In syllids gonads are usually confined to the posterior part of the body which is detached as a free-swimming zooid which develops a head but no jaws or pharynx, it lives for a time to produce gametes. Many annelids have the ability to regenerate lost parts, this is accompanied by a capacity to reproduce asexually.
Some forms reproduce asexually by budding, but in Autolytus there is a proliferating region at the end from which a chain of sexual zooids is budded off which detach one by one. Syllis forms many branches by budding, some of which form a head, develop sex organs, notopodia are formed to reconstruct the parapodia, these sexual forms may remain attached to the parent for long or they may separate from the colony.
In Oligochaeta certain features of reproductive organs are salient characters, they are almost all hermaphrodite.
The sex cells are discharged into the coelom or into seminal vesicles which are special parts of the coelom separated from the rest, they are large coelomic sacs varying in number in different genera; often a pair of seminal vesicles may coalesce to form a median sperm reservoir into which ciliated funnels of vasa deferentia open.
Testes may be several but ovaries are never more than two. Spermathecae are usually present to receive spermatozoa of another worm during copulation.
The clitellum is a glandular development of the epidermis for formation of cocoons and albumen for nourishment of the embryo.

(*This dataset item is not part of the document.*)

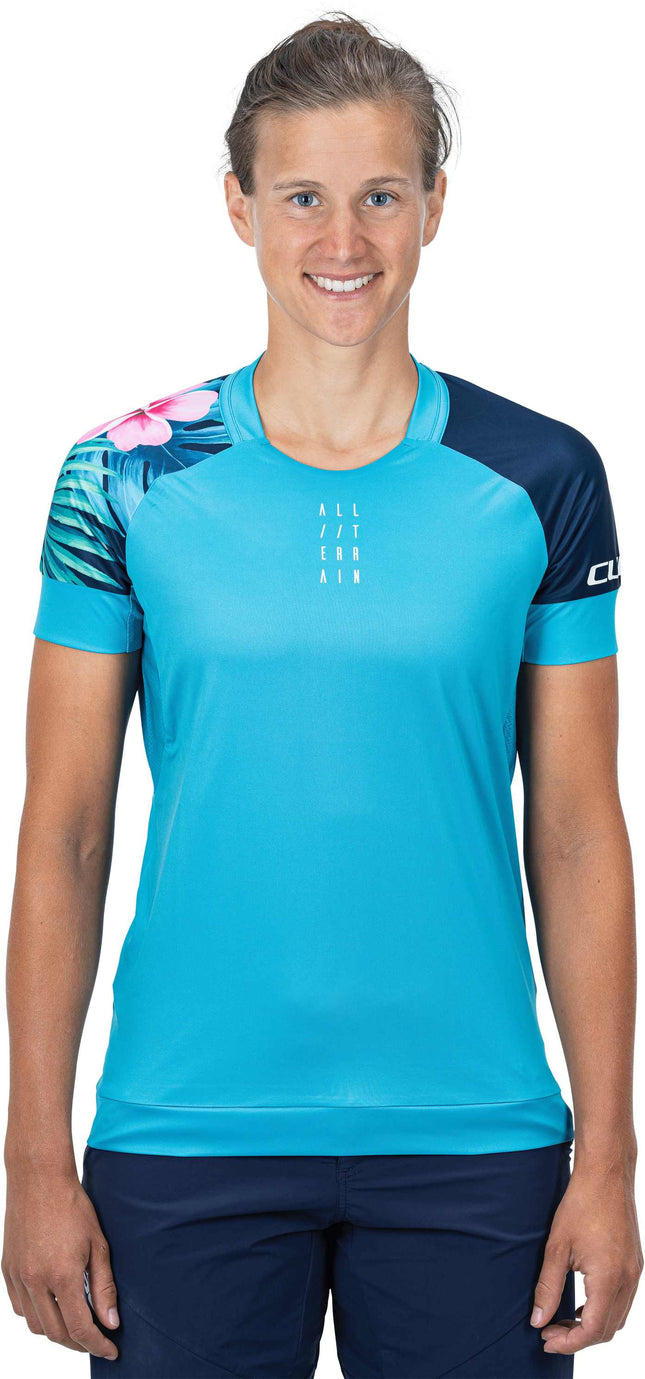 CUBE Atx WS Round Neck Jersey S/S Blue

The clitellum may be permanent, as in earthworms, or it may develop only during the breeding season. Some Oligochaeta possess special copulatory setae. In some Oligochaeta asexual reproduction occurs, e.g., Nais and Chaetogaster multiply by proliferation of segments at the posterior end forming a chain of zooids which eventually separate and acquire sex cells.
Hirudinea are hermaphrodite with several pairs of testes but only two ovaries, gonads are completely shut off in closed coelomic vesicles, but they are continuous with their ducts in distinction from other Annelida. The spermatozoa unite in bundles to form permatophores.
Generally copulation occurs, though in some hypodermic impregnation takes place. The clitellum appears during breeding season, and eggs are laid in cocoons formed by clitellar glands.
Archiannelida are generally hermaphrodite, the ovaries occurring in anterior segments and testes behind them, so that gonads are restricted to a few segments. In Polygordius sexes are separate, the ovaries or testes develop in a few posterior segments, there are no ducts.